#### TASK DESCRIPTION
Only the pictures should be left out; write out all other data exactly.

(RAW DATA Opens)

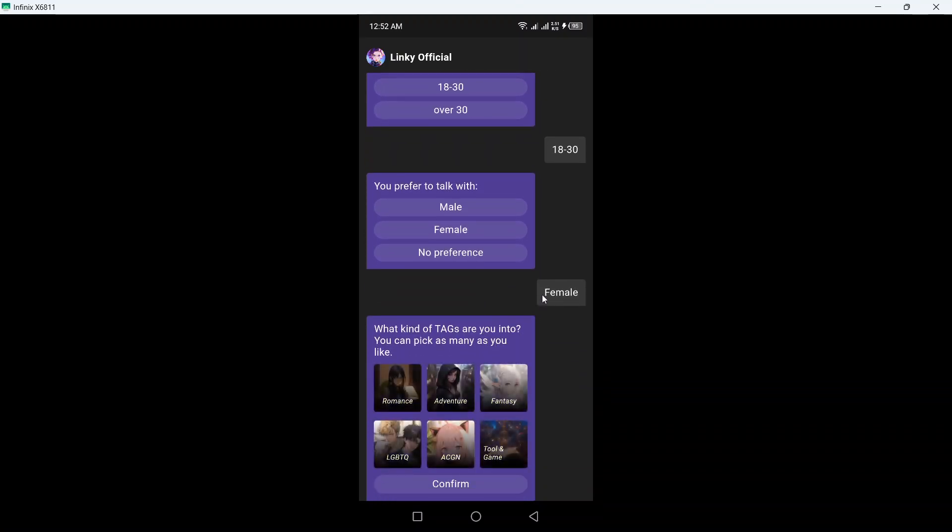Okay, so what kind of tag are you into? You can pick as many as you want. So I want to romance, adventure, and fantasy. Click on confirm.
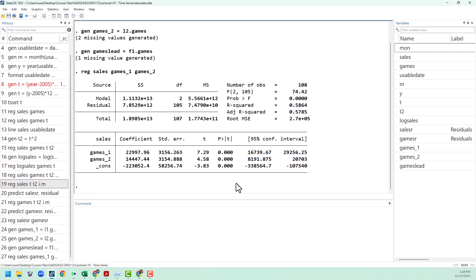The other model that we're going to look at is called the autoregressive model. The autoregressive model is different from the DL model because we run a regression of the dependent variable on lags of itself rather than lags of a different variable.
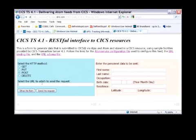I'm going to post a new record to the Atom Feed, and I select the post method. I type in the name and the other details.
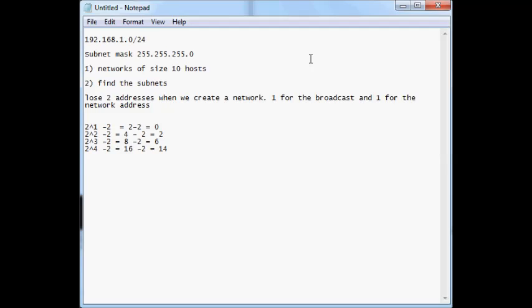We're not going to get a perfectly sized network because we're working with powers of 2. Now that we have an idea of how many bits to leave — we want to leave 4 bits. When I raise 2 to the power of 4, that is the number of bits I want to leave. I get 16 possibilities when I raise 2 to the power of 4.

(RAW DATA Closes)

#### ANSWER FOR THE TASK
Okay, so what kind of tag are you into? You can pick as many as you want. So I want to romance, adventure, and fantasy. Click on confirm.
The other model that we're going to look at is called the autoregressive model. The autoregressive model is different from the DL model because we run a regression of the dependent variable on lags of itself rather than lags of a different variable.
I'm going to post a new record to the Atom Feed, and I select the post method. I type in the name and the other details.
We're not going to get a perfectly sized network because we're working with powers of 2. Now that we have an idea of how many bits to leave — we want to leave 4 bits. When I raise 2 to the power of 4, that is the number of bits I want to leave. I get 16 possibilities when I raise 2 to the power of 4.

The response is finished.